# super reds



## CREEPER415 (May 12, 2004)

Has anyone bred them before?Or has anyone bred super reds with reds???


----------



## Judazzz (Jan 13, 2003)

Super reds are wildcaught P. nattereri - for that reason, they are harder to breed than tankraised reds, I'd say (I think about as difficult as breeding cariba or ternetzi).

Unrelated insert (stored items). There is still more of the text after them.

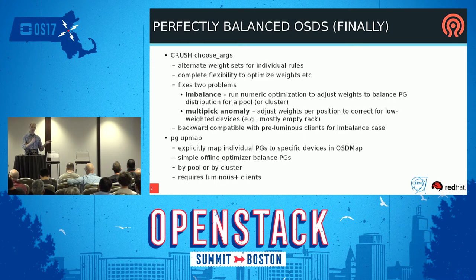The other tool is called pg_upmap, which lets you put an explicit exception mapping in the OSD map saying this PG is stored on these OSDs, period — it just overrides whatever CRUSH says. There's a really simple optimizer that looks at your distribution and says this OSD has one PG too many and this one has one too few, so it just moves it. The pg_upmap also requires Luminous clients, so you won't be able to use it in production until everybody's upgraded on the client side.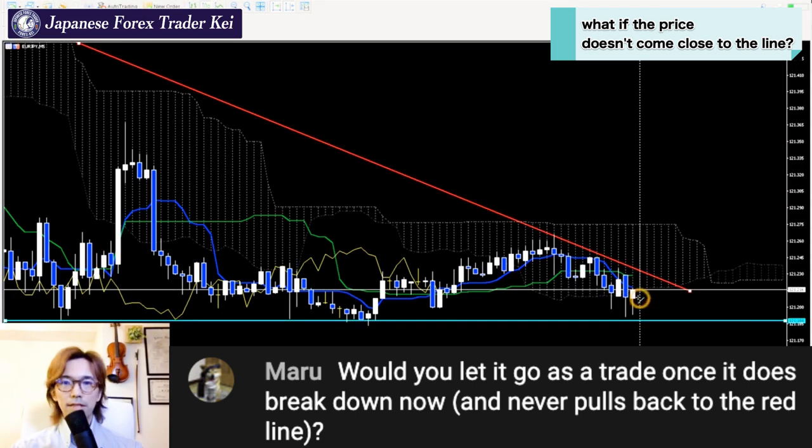If the market keeps going down without touching this red line price level, then you cannot place a sell — you shouldn't place a sell because you didn't find the trading edge on the market. I wouldn't place a sell if the price keeps going down from here without touching it. But if the price touches this red line, then I will place a sell, because this is the trading edge in my analysis.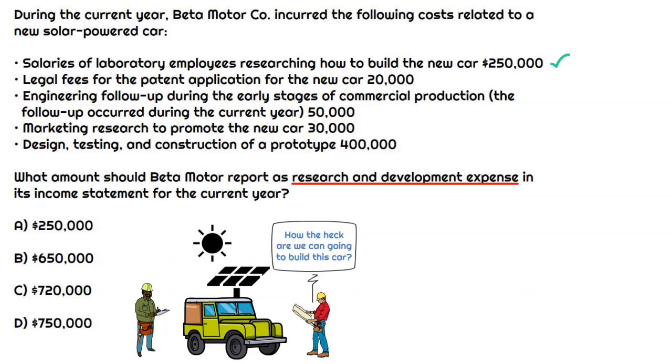The next one is legal fees for the patent application. That is once they already have the prototype and the product — now they're going through the process of actually turning this into a viable product. That is going to be excluded from research and development, and it's actually going to be capitalized as part of the asset. Either way, it's not part of R&D, so we can exclude that.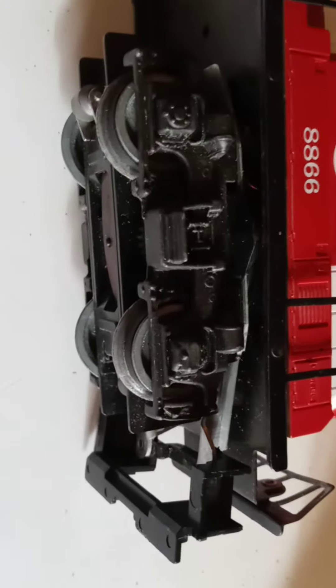It has metal wheels. It has an on switch, and there's another switch here — I'm not sure what that's for. The wheel in the back seems kind of loose.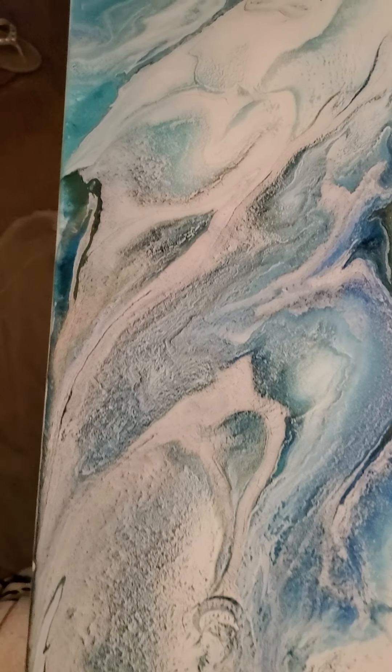He wanted something that looked icy, glaciers, cold, and I think that it just turned out beautifully.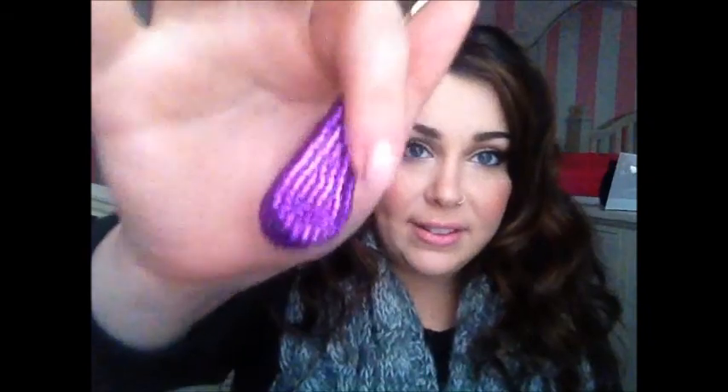It really does matter which eyelash curler you use, and my favorite is the Tarte one. It curls nicely when I want to curl. Hands down the best eyelash curler.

I don't know if someone bred supers already, but you can "cross" them with normal or yellow natts, since they're all the same species...


----------



## CREEPER415 (May 12, 2004)

thanks alot


----------



## nubsmoke (Feb 4, 2004)

I have a 55gal w/ 8 ,4-inch super reds, and 4 of my reds I breed. I mixed
them hoping to do something in the future. The domestic reds seem to get along 
just fine w/ the supers.


----------



## wrathofgeo (Aug 23, 2003)

a member of this site has bred super reds with reg reds..


----------



## CREEPER415 (May 12, 2004)

Did they breed them the same way as reg.reds


----------



## wrathofgeo (Aug 23, 2003)

they interbreeded, a super red and a reg red bred together...


----------



## CREEPER415 (May 12, 2004)

What do you do when they pair off?Do you take the rest out or take the pair out???


----------



## wrathofgeo (Aug 23, 2003)

from what i know you keep them how they are, if they are breeding it must mean they feel comfortable, unless you dont have enough tank space, then i would take out some of the others, not the pair or it might stop the breeding.


----------



## CREEPER415 (May 12, 2004)

thanks! u guys been a lot of help


----------



## wrathofgeo (Aug 23, 2003)

np, good luck.


----------



## CREEPER415 (May 12, 2004)

sorry last ?.I have a 60G and a 100G wide.I have 5 reg.reds and 3 super reds all at 7in .in my 60G. I know thats a lot of fish but no where to put them.My 100 G. has 7 5in caribes in there.Should I put some of the reds in the 100G.?How many should I put with the caribes?And if they do breed I have to take the caribes out right?


----------



## CREEPER415 (May 12, 2004)

need help 1 more time


----------



## wrathofgeo (Aug 23, 2003)

hmmm, i would have maybe 4 reds in your 60 gal, and the rest in the 100 gal... try that out and see what happens, its tight but id say its the best you could do with the tank space you have, the only thing is, if you want to have the best chance to breed your natts then you should have them all together, so maybe all the reds in the 100 gal with a couple of caribas, but then you might have probs with caribas in your small 60 gal









try out different things, see what works for you.

george


----------



## CREEPER415 (May 12, 2004)

ok thanks


----------